Elga and I chatted about the first time we met, in January 2011. I had gone out on rounds, covering for Martinière, Omène’s case manager. Martinière had asked me to follow through with Elga for him. At the time, Elga ans Omène were living in Elga’s parents’ yard, and Omène was having lots of problems with her in-laws. Elga would travel a lot, chasing farm labor wherever he could find it, and whenever he was away his parents would treat Omène as a child, laying down the law for her, even threatening her. Omène was tired of it. She had complained to Martinière. He was happy to try to intervene, but he wanted to hear from Elga first. The problem would be very different depending on who Elga was inclined to side with.

Elga was on Omène’s side, 100%. He was embarrassed that he had put her in such an awful position, and was anxious to free her from it. Even four years later, he shook his head, remembering how his parents had behaved. I let Martinière know, and the two of them helped Omène get out from under his parents’ rule. “Things are fine now,” he explained, “ever since we moved down the hill into our own house. We can go back and forth, seeing each other when we need to, but everyone has their own place.”

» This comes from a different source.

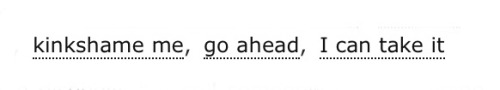 ao3tagoftheday:The AO3 Tag of the Day is: Everyone kinkshame this author[Image Description: Tags rea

Then we talked about each of his wives. Polygamy is not unusual in rural Haiti, but Elga, Omène, and Chrismène represent something like a best-case scenario. Elga is devoted to both, and has shown no interest that we’ve ever heard about in any other women. The two women accept each other and are on sisterly terms. The ten children are as one family.

This is a difficult moment for them all because Elga’s contribution to the two households is limited, but he’s making sure their livestock is in good shape. They’ve both increased their holdings a lot since graduation. And he exercises the hand as much as he can, trying to speed its recovery so he can get back into the fields. They’ll soon be peanuts to harvest in the east, near the Dominican border, and Elga is anxious for the work. “I owe it to Omène. We sold her calf to rent and extra field this year, but we lost the crop so the calf was wasted. She could have bought a horse instead.”

By now I was rested, and I was still anxious to see the two women. Elga filled my bag with avocados. He wanted to send a gift to Martinière. I was worried about carrying the extra load up the steep path to Mannwa, but I saw him sling the bag over his own shoulder. He said that I would never find the women unless he showed me where they were, and we set off. Omène’s oldest daughter, Natacha, sent us off with a final word: “Martinière deserves a spanking. He never comes to see us anymore.”



We were about halfway up the path when we turned off the main path. We walked across a field of pigeon peas, through a garden of plantain trees, and suddenly saw a team of a dozen workers clearing and planting a field. The two women were there, and they broke off from working and came running. Elga stepped back. He knew it was their time to talk with me, and we sat for a few minutes. We couldn’t talk very long because it was midafternoon already, and I wanted to be sure to get most of the way back to Mirebalais before the rain.

The women didn’t want to talk about very much except Martinière. They had seen him at the market in central Boukankare a few weeks earlier, and had been really happy about that, but they couldn’t imagine when he might visit them at home again. They know he has other work. They explained why they decided to take a few days of work in a neighbor’s field, too. School would be opening soon, and a little extra cash for books and other supplies would only help. Otherwise, they’d have to sell livestock.

Christine and Omène

Christine and Omène

As we said our goodbyes, they said the same thing that Natacha, Rose Marthe, and Magalie’s kids had said: “Kounye a, nou p ap janm wè w ankò?” “Is this the last time we’ll ever see you?” I tried to assure them. They know how hard it is to get to Mannwa. But I’ll always try to visit when I can. They hadn’t expected me that day, and another day will come when I’ll just show up.

The Elga picked up my bag – he decided he owed it to me to at least get Martinière’s avocados to the top of the hill – and we turned straight up the path. When we got to the top of the ridge, he handed me the bag and said, “It’s still a long way, but at least it’s downhill.” Then he headed home. And so did I.